In Memory of the Reverend Samuel Harrison. Ordained and Settled over this Church as its First Minister, 1850-1862. Again its Minister from 1872 until his death. Member of the Association of Congregational Ministers of Berkshire County for Forty Years. Chaplain 54th Massachusetts Volunteers, 1862. A Wise Leader, an Honored Citizen, an Ardent Patriot, a beloved Messenger of the Lord, he wrought well for his People, his Country and his God. I have Fought a good Fight. I have finished my Course. I have kept the Faith. Henceforth, there is laid up for me a crown of Righteousness.

==See also==
- Abolitionism

==Archival materials==
- Documents concerning Samuel Harrison found in the Abraham Lincoln Papers in the Library of Congress:
  - Commission from Massachusetts Governor John A. Andrew for Samuel Harrison as "Chaplain in the 54th Massachusetts", September 8, 1863.

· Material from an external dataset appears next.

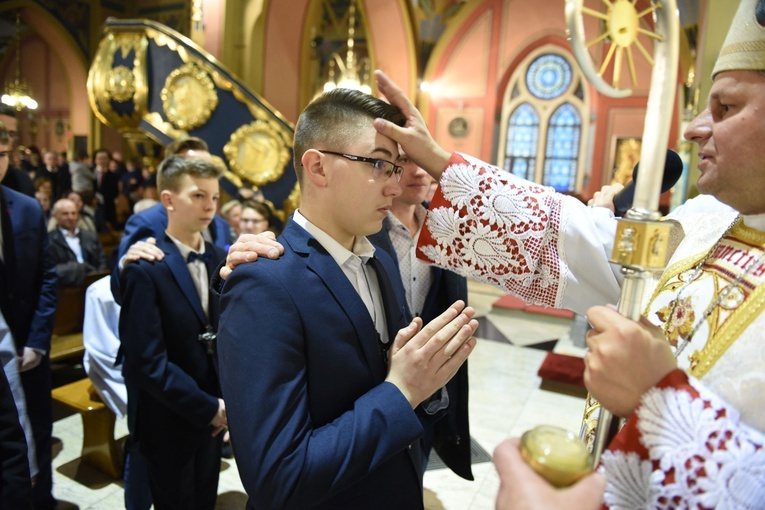 Bierzmowanie u św. Kazimierza w Nowym Sączu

  - Muster-in as commissioned officer November 12, 1863, for three years, "by commission from the Governor of Massachusetts".

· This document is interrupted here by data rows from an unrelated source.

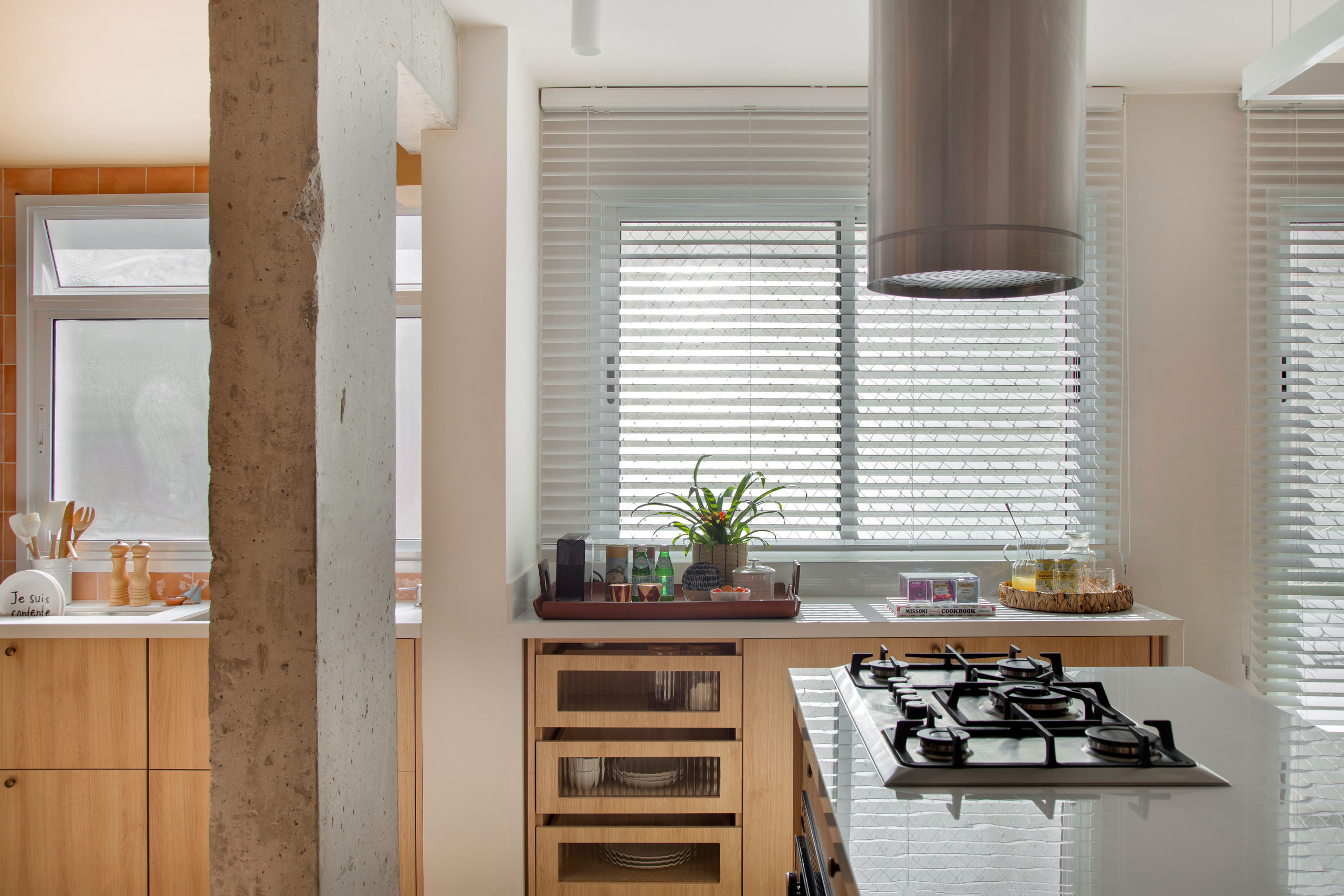 cozinha com bancada e janela com persiana branca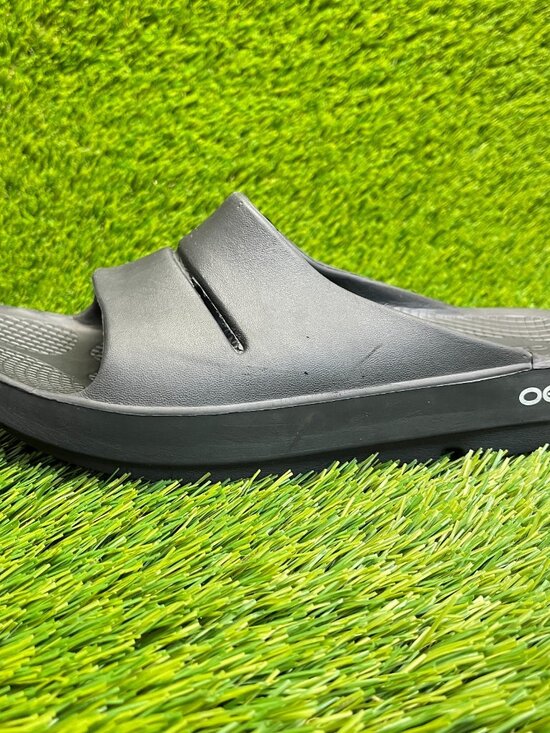 Oofos OOahh Mens Size 8 All Black Beach Walking Outdoor Recovery Slide Sandals main image 7
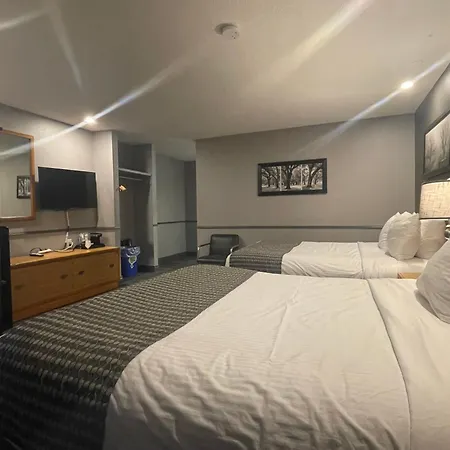Travelodge By Wyndham Brandon-3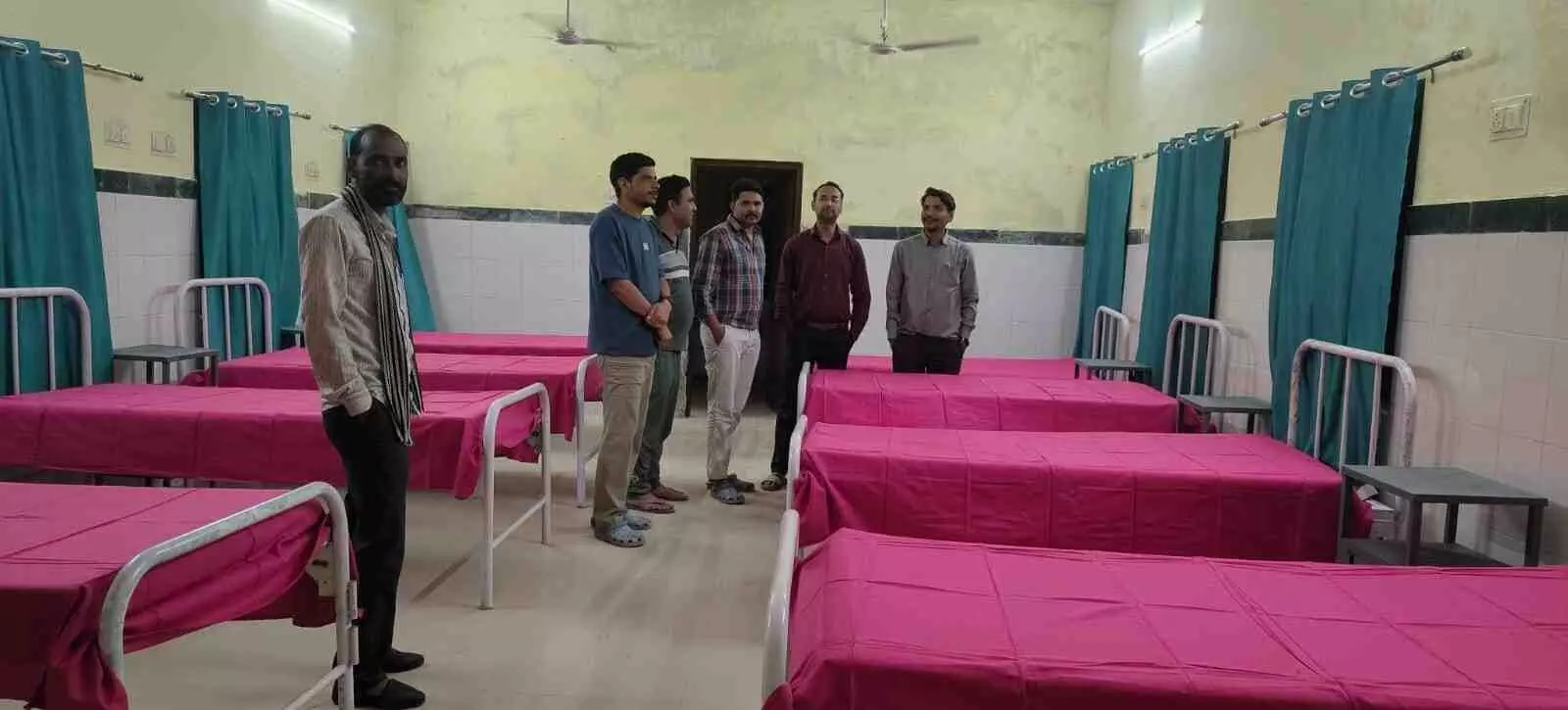 करौली में चिकित्सा संस्थान के निरीक्षण के दौरान स्वास्थ्य व्यवस्थाओं का जायजा लेते अधिकारी। करौली में चिकित्सा संस्थान के निरीक्षण के दौरान स्वास्थ्य व्यवस्थाओं का जायजा लेते अधिकारी।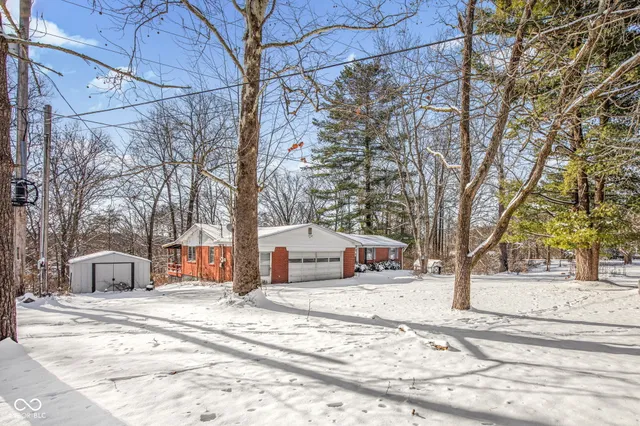 $279,900 | 191 East Lakeview Drive, Nineveh, IN 46164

  - Letter from Massachusetts Governor John A. Andrew to Lincoln, April 4, 1864, strongly supporting Harrison's request for equal pay.
  - Letter from Attorney General Edward Bates to Lincoln, April 23, 1864, about the "Case of Samuel Harrison" (11 pages)
  - Resolution of the U.S. Senate, April 30, 1864, requesting Lincoln send to Congress "any opinion of the Attorney General on the rights of colored persons in the army or volunteer service of the United States".
  - Letter from John A. Andrew to Lincoln on behalf of Harrison "and also of all the non-commissioned officers and privates of the 54th and 55th Regiments of Massachusetts Infantry Volunteers", "than whom none have been more distinguished for toilsome work in the trenches, fatigue duty in camp, and conspicuous valor and endurance in battle". "After having waited during a reasonable time, for the consideration of the subject by your Excellency, — I do hereby respectfully claim, and so much as in me lies, I do by this appeal to Your Excellency, hereby demand of and from the Executive Department of the Government of the United States the just, full, and immediate payment to all the aforesaid officers and men, of the sums of money now due to them as volunteer soldiers of the United States serving in the field."
- Letter of Lincoln to Bates, June 24, 1864.
- Attorney General Bates' lengthy letter to Lincoln of July 18, 1864, recommending colored and white soldiers be paid the same, was published by David Garrison in The Liberator on December 16, 1864.